The Golden Egg
- First edition English-language cover.
- Author: Tim Krabbé
- Original title: Het Gouden Ei
- Translator: Claire Nicolas White (first English edition)
- Language: Dutch
- Genre: Psychological thriller
- Publisher: Uitgeverij Bert Bakker (first edition) Random House (first English edition)
- Publication date: 1984
- Publication place: Netherlands
- Published in English: 1993
- Media type: Print (Hardback & Paperback)
- ISBN: 0-679-41973-X
- OCLC: 27108902
- Dewey Decimal: 839.3/1364 20
- LC Class: PT5881.21.R26 G6813 1993

= The Golden Egg =

Psychological thriller novella by Tim Krabbé

The Golden Egg (Dutch: Het Gouden Ei), published as The Vanishing in English-speaking countries, is a psychological thriller novella written by Dutch author Tim Krabbé, first published in 1984. The plot centers on a man whose obsession over the fate of his missing lover from years ago drives him to confront her abductor and pay the ultimate sacrifice in order to know the truth. The book was adapted into a 1988 film which was later remade in an English-language version by the same director.

==Synopsis==
Two lovers, Rex Hofman and Saskia Ehlvest, have traveled to France for a bicycling vacation. As a child Saskia had a nightmare in which she became trapped in a golden orb travelling through space indefinitely, with the only hope of escape an infinitesimal chance of eventual intersection with another such orb (the source of the name of the novel). Rex and Saskia argue about Rex's habit of not keeping the fuel tank filled (additionally the car has a broken fuel gauge), and when the car runs out of gas in the middle of a tunnel, Rex leaves Saskia to fetch more. However when he returns she is terrified because her memory of the nightmare has been refreshed. Rex pulls over at a convenience store to refuel. He and Saskia bury coins to mark the spot, Rex agrees to let Saskia drive (which he has never let her do before), and she goes into the station to buy drinks. She is never seen again.

Eight years later, he is still haunted by her disappearance. He is now in a relationship with another woman named Lieneke, who is both sympathetic to, and frustrated by, the hold that Saskia's disappearance has over him. Despite her misgivings, however, they become engaged.

At this point the reader is introduced to Raymond Lemorne, the man responsible for whatever happened to Saskia. The novella reveals that Lemorne once saved a young girl from drowning; having proven to himself that he is capable of great goodness, Raymond then begins to wonder if he is capable of an act of pure evil. He then comes up with an idea to murder someone in the most horrible fashion he can imagine. The book follows his meticulous preparations, and his long months of trying to find a suitable victim. This section of the novella ends with him abducting Saskia, but we are still not told what happens to her, though the book does provide clues.

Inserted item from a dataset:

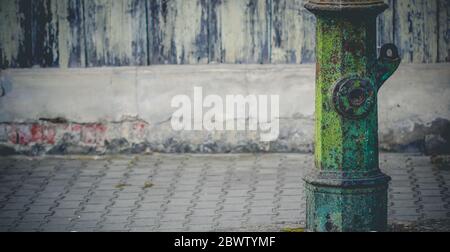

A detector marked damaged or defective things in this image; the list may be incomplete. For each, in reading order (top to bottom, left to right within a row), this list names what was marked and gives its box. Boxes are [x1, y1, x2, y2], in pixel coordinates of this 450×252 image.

corroded valve [302, 0, 400, 232]
rusty metal [302, 0, 400, 232]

At this point, the narrative switches back to Rex. His obsession with discovering what happened to Saskia has grown to such an extreme that he has taken out a large loan to post advertisements in papers throughout France, hoping that someone might be able to provide him with information. His quest has also driven a wedge into his relationship with Lieneke. One night he is approached by Lemorne, who reveals that he is the one who abducted Saskia, and in a bizarre show of sympathy, he offers to satisfy Rex's determination to discover her ultimate fate, but only if Rex agrees to undergo the same ordeal that Saskia suffered.

After a long discussion between the two men, Rex agrees to Lemorne's proposal, and proceeds to drink a cup of coffee laced with a sedative. He awakens to find himself buried alive, and suffocates while imagining himself finally to be reunited with Saskia.

In the epilogue it is revealed that several newspapers commented upon Rex's mysterious disappearance and its eerie similarity to Saskia's. Their fates are never discovered; it is as if they vanished from the face of the earth.

==Publishing history==
In 1993, an English translation by Claire Nicolas White was released under the title The Vanishing (Random House, ISBN 0-679-41973-X). A new English translation of the novel, by Sam Garrett, was published in October 2003 (Bloomsbury, ISBN 0-7475-6533-3 ).

==Dramatisations==
The novella was adapted by George Sluizer (from a script by Krabbé) into the award-winning 1988 film Spoorloos (international title: The Vanishing), which starred Bernard-Pierre Donnadieu as Raymond Lemorne, Gene Bervoets as Rex Hofman, Johanna ter Steege in a European Film Award winning performance as Saskia (whose surname was changed to Wagter), and Gwen Eckhaus as Lieneke.

An English-language remake was released in 1993, again directed by Sluizer. This version, which starred Jeff Bridges, Kiefer Sutherland, Nancy Travis, and Sandra Bullock, failed to match the acclaim of the original film, probably due to an altered ending where Jeff (Rex's counterpart) is rescued and the abductor is killed.

BBC Radio 4 presented an adaptation directed by Kirsty Williams starring Samuel West as part of their Saturday Play series in 2010 – see The Vanishing (radio play).